Children learn how to express their emotions in appropriate ways by watching others. Show your child how you feel about various situations and how you deal with these emotions. Children closely monitor how challenging emotions are experienced, handled, and resolved between caregivers and these dialogues can significantly affect children’s communication skills.

Emphasize that we all experience and can address our emotions.

Pay attention so that you can encourage your child to talk about their feelings. It is extremely crucial for children to hear that what they are feeling is valid. Remember that even though you, as adults, have encountered many emotions, something children encounter for the first time can be frightening and disturbing for them. In such situations, they may feel the strong need to hear you say that what they’re feeling is okay. For example, it would be important after a new sibling joins the family to emphasize that your child may get jealous of their sibling, worry that they’ll get less attention, fear being alone, and have various other concerns.
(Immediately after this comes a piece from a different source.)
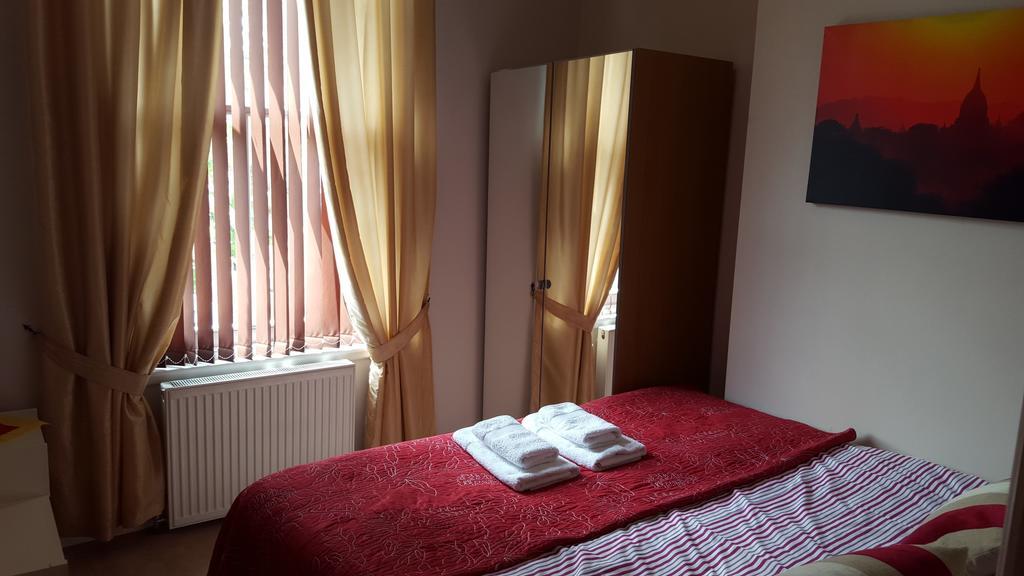 Hammersmith Apartment Brentford Room photo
Practice mindfulness exercises.

It may not be possible to identify your child’s feelings at all times or maybe there’s an emotional response you fail to notice in the moment. That’s why you can use particular exercises to approach and understand your child. While supporting your child’s discovery of what’s happening in their body and mind through mindfulness and awareness activities, you also have the opportunity to accompany your child as a caregiver and reflect on the experience. Moreover, these exercises help us to process some emotions that could not be processed at the time they were experienced and to develop problem-solving skills.
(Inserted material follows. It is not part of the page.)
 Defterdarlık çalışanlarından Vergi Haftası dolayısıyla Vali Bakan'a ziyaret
Games are your biggest saviors.

Where there is no language, there is play for children; thus play is the child’s language! Therefore, “free play” times that you spend with your children are important moments during which you are in touch with your child. While children reflect their own emotional worlds through the characters and stories they have created in the safe space within the game, they also come up with a solution to those problems they could not resolve in the flow of life by reenacting them. In other words, the game offers them a space to express their feelings, recognize them, and develop their communication skills. It is vital to facilitate this space together with your child, to imagine that their games, stories, and the characters they choose have meaning, and to provide this space for your child without any intervention.